HTTP Proxy
A proxy server that handles only HTTP and HTTPS traffic, widely supported by browsers and scraping tools.
An HTTP proxy forwards HTTP and HTTPS requests between a client and the internet. It's the most common proxy type and is natively supported by all web browsers, most scraping libraries, and automation tools.
HTTP proxies can inspect request headers, which allows them to offer features like caching, authentication, and content filtering. They're the standard choice for web scraping and browser automation.
How it works
For plain HTTP, the client sends the full URL to the proxy and the proxy issues the request on its behalf. For HTTPS, the client first sends a CONNECT request naming host and port; the proxy opens a TCP tunnel and from then on the TLS handshake happens end-to-end between client and origin, so the proxy never sees the decrypted payload. This is why an HTTP proxy can route HTTPS traffic without breaking certificate validation.

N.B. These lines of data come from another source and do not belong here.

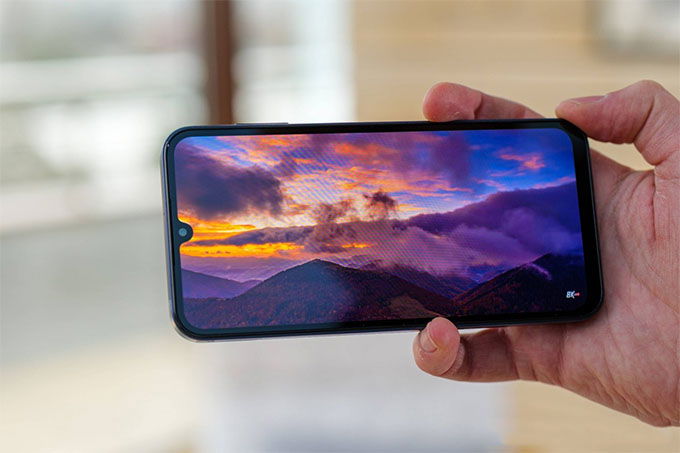 Màn hình Super AMOLED sống động: Lớn, sáng và mượt mà ở tần số 90Hz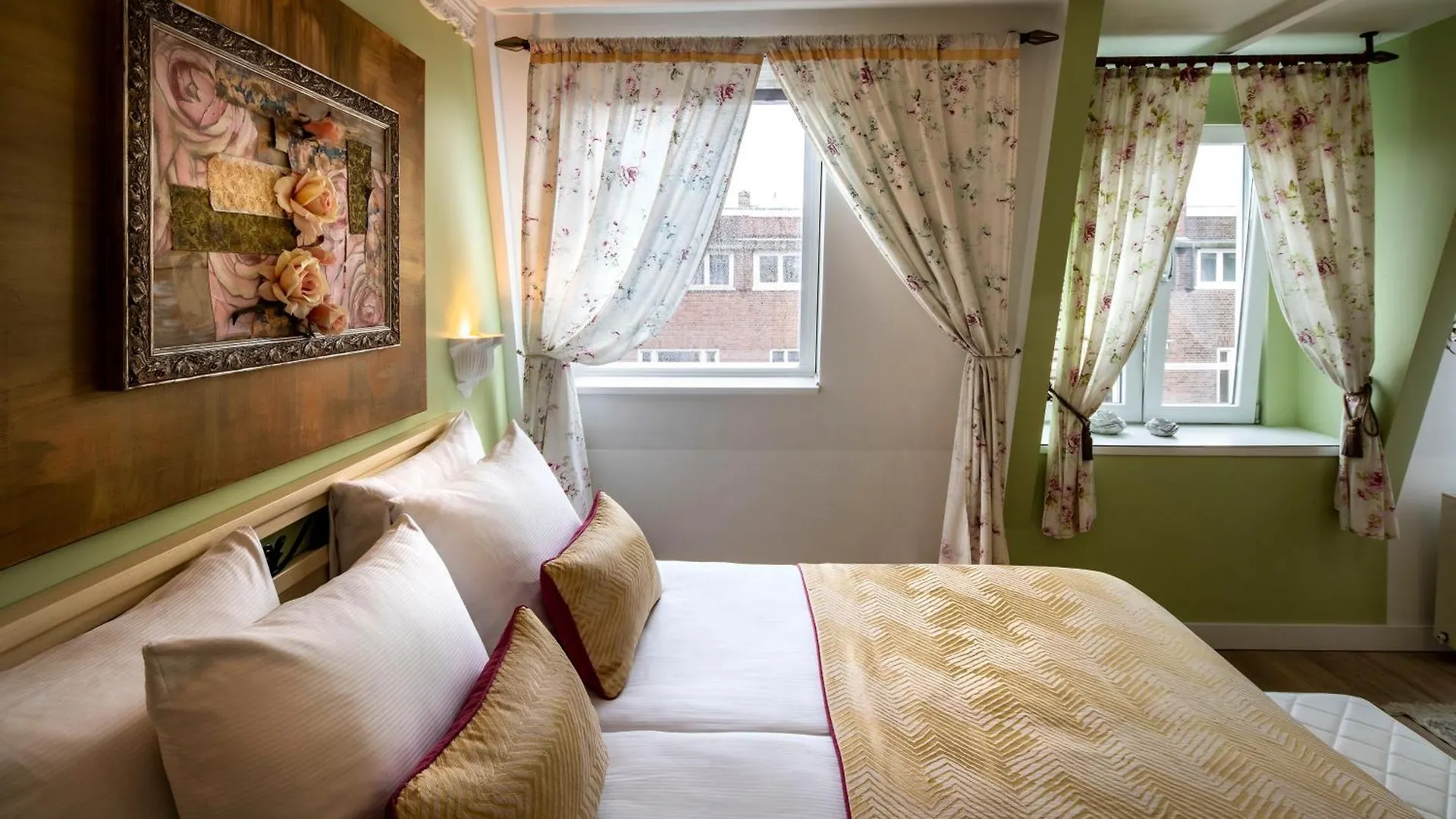 Jupiter Hotel Amsterdam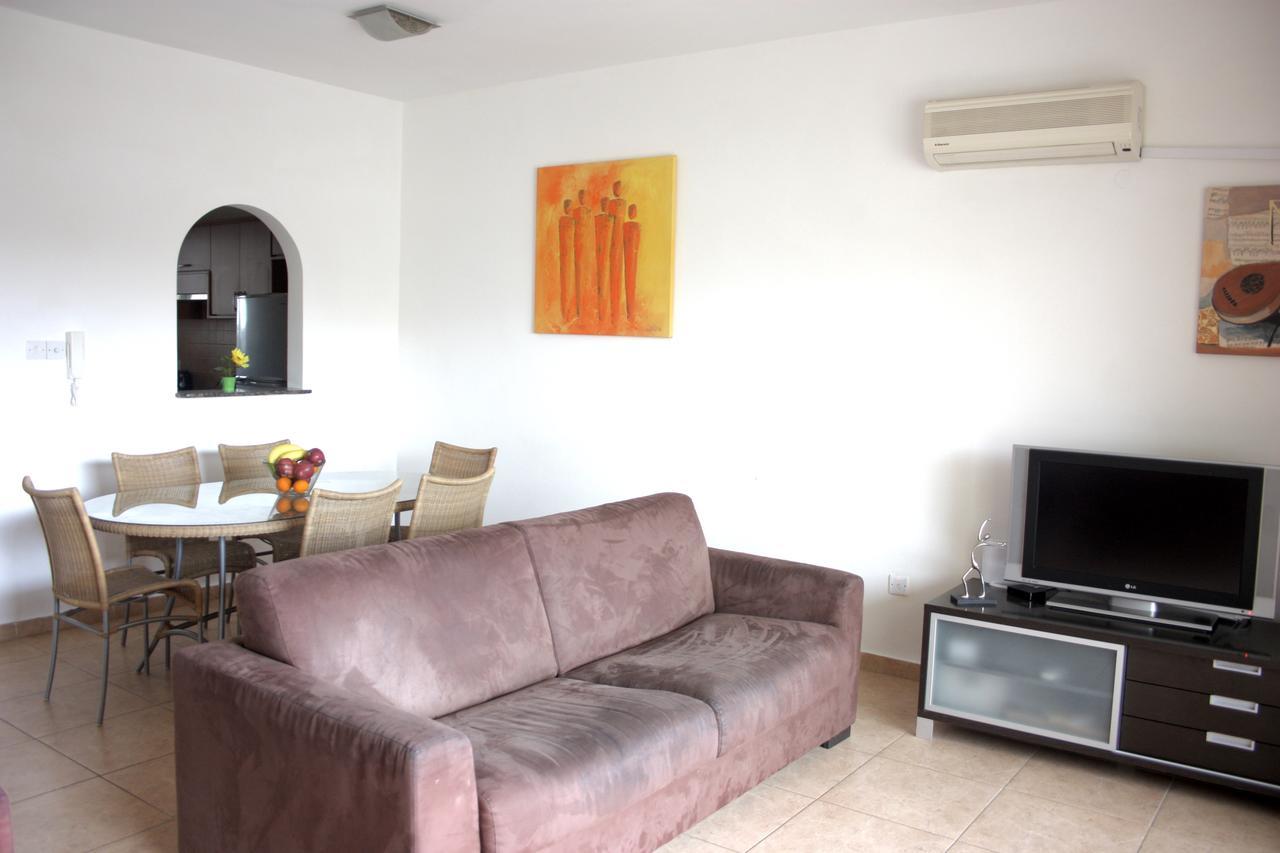 Queens Gardens 2 Bedrooms Paphos Exterior photo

Authentication is usually basic auth in the proxy URL: http://user:pass@gateway:port. Every major library reads this natively: requests, httpx, Scrapy, Playwright, Puppeteer, undici, Go's net/http. For browser automation, pass --proxy-server at launch and use the credentials helper. Murphy's HTTP gateway is the same endpoint as SOCKS5; the protocol switch happens on the client. Most teams stick to HTTP because every tool supports it out of the box.